Action item: Reproduce all of the records word for word, omitting the pictures.

Records supplied:
= = =
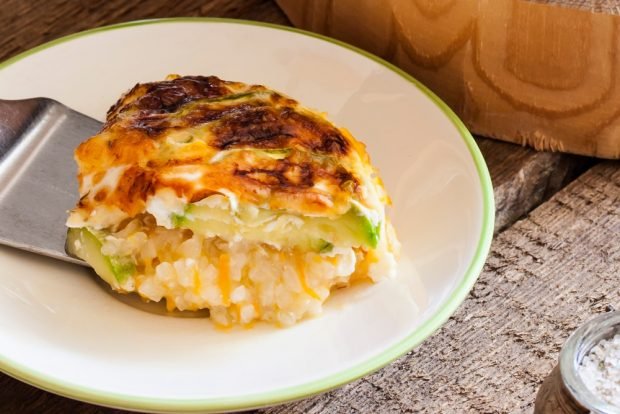 Rice casserole with zucchini in a slow cooker 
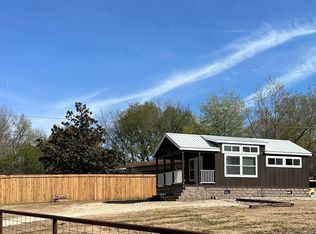 20900 N Lakeshore Dr, Springdale, AR 72764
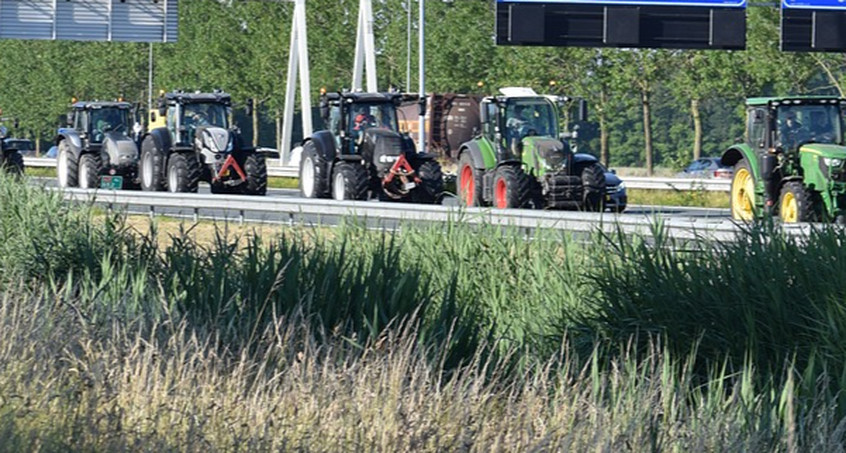 Bauern-Proteste gehen mit dezentralen Aktionen weiter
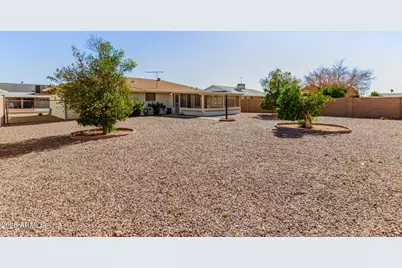 10726 W Camelot Circle, Sun City, AZ 85351 - Photo 26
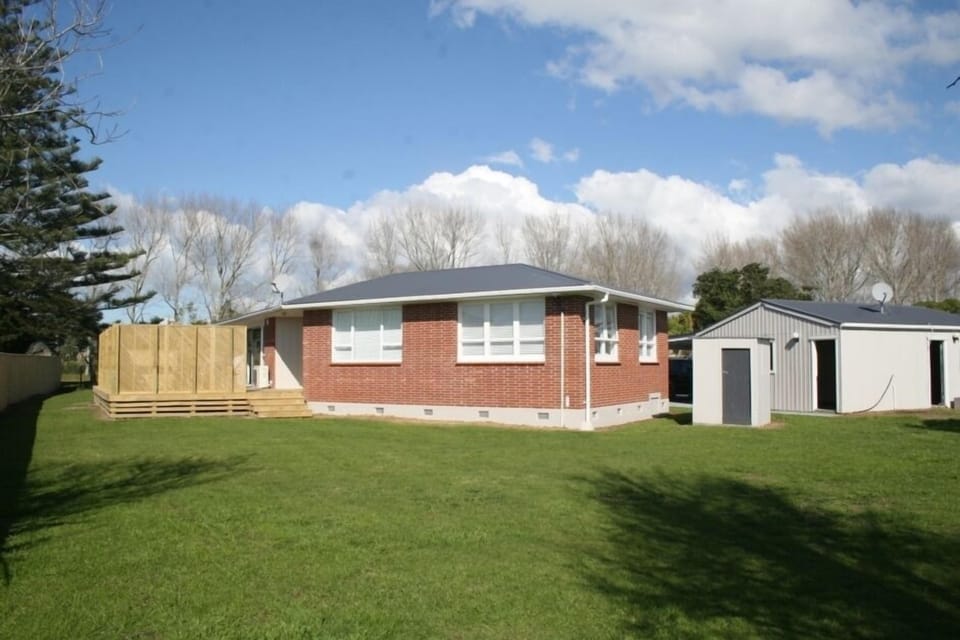Apanui House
= = =
Answer to this task:
 Rice casserole with zucchini in a slow cooker 
 20900 N Lakeshore Dr, Springdale, AR 72764
 Bauern-Proteste gehen mit dezentralen Aktionen weiter
 10726 W Camelot Circle, Sun City, AZ 85351 - Photo 26
Apanui House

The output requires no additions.